Dataset v0.4.0 Dataset View Source

Datasets represent labeled tabular data.

Datasets are enumerable:

iex> Dataset.new([{:a, :b, :c},
...>              {:A, :B, :C},
...>              {:i, :ii, :iii},
...>              {:I, :II, :III}],
...>             {"one", "two", "three"})
...> |> Enum.map(&elem(&1, 2))
[:c, :C, :iii, :III]

Datasets are also collectable:

iex> for x <- 0..10, into: Dataset.empty({:n}), do: x
%Dataset{labels: {:n}, rows: [0, 1, 2, 3, 4, 5, 6, 7, 8, 9, 10]}

Link to this section Summary

Functions

Return a dataset with no rows and labels specified by the tuple passed as label. If label is not specified, return an empty dataset with zero columns.

Return the result of performing an inner join on datasets ds1 and ds2, using k1 and k2 as the key labels on each respective dataset. The returned dataset will contain columns for each label specified in out_labels, which is a keyword list of the form [left_or_right: label, ...].

Return the result of performing a left join on datasets ds1 and ds2, using k1 and k2 as the key labels on each respective dataset. The returned dataset will contain columns for each label specified in out_labels, which is a keyword list of the form [left_or_right: label, ...].

Construct a new dataset. A dataset is a list of tuples. With no arguments, an empty dataset with zero columns is constructed. Withf one argument a dataset is constructed with the passed object interpreted as rows and labels beginning with 0 are generated, the number of which are determined by size of the first tuple in the data.

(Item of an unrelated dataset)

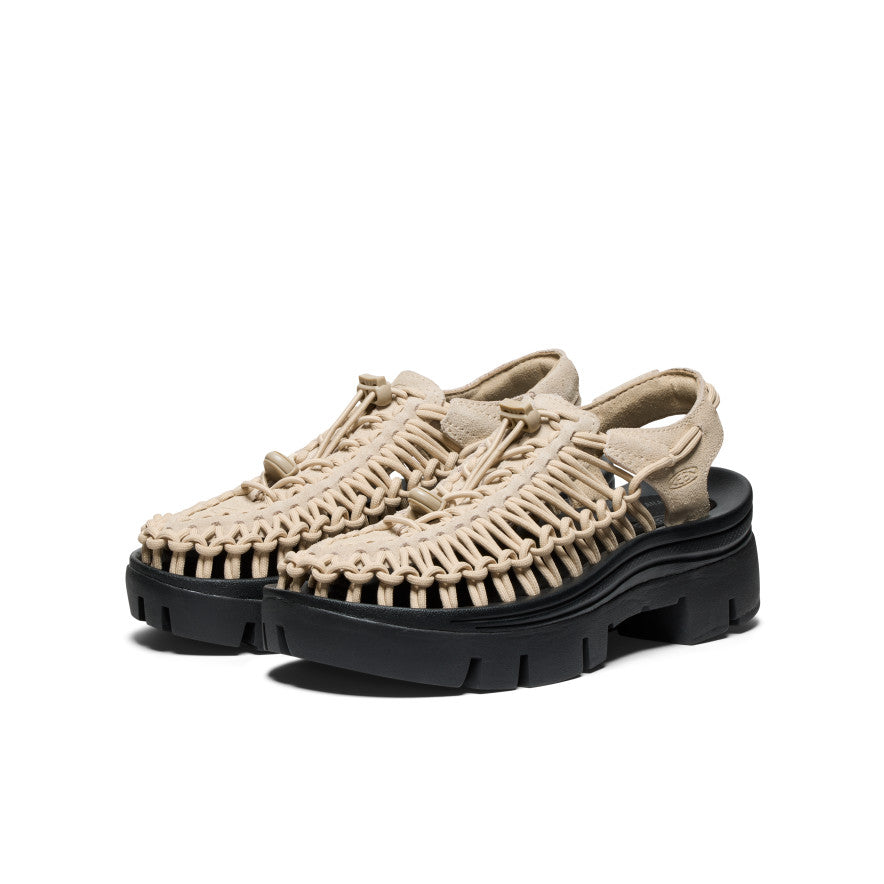 Safari/Black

Return the result of performing an outer join on datasets ds1 and ds2, using k1 and k2 as the key labels on each respective dataset. The returned dataset will contain columns for each label specified in out_labels, which is a keyword list of the form [left_or_right: label, ...].

Return the result of performing a right join on datasets ds1 and ds2, using k1 and k2 as the key labels on each respective dataset. The returned dataset will contain columns for each label specified in out_labels, which is a keyword list of the form [left_or_right: label, ...].

Returns a dataset with each value in row i and column j transposed into row j and column i. The dataset is labelled with integer indicies beginning with zero.

Return a new dataset with columns chosen from the input dataset ds.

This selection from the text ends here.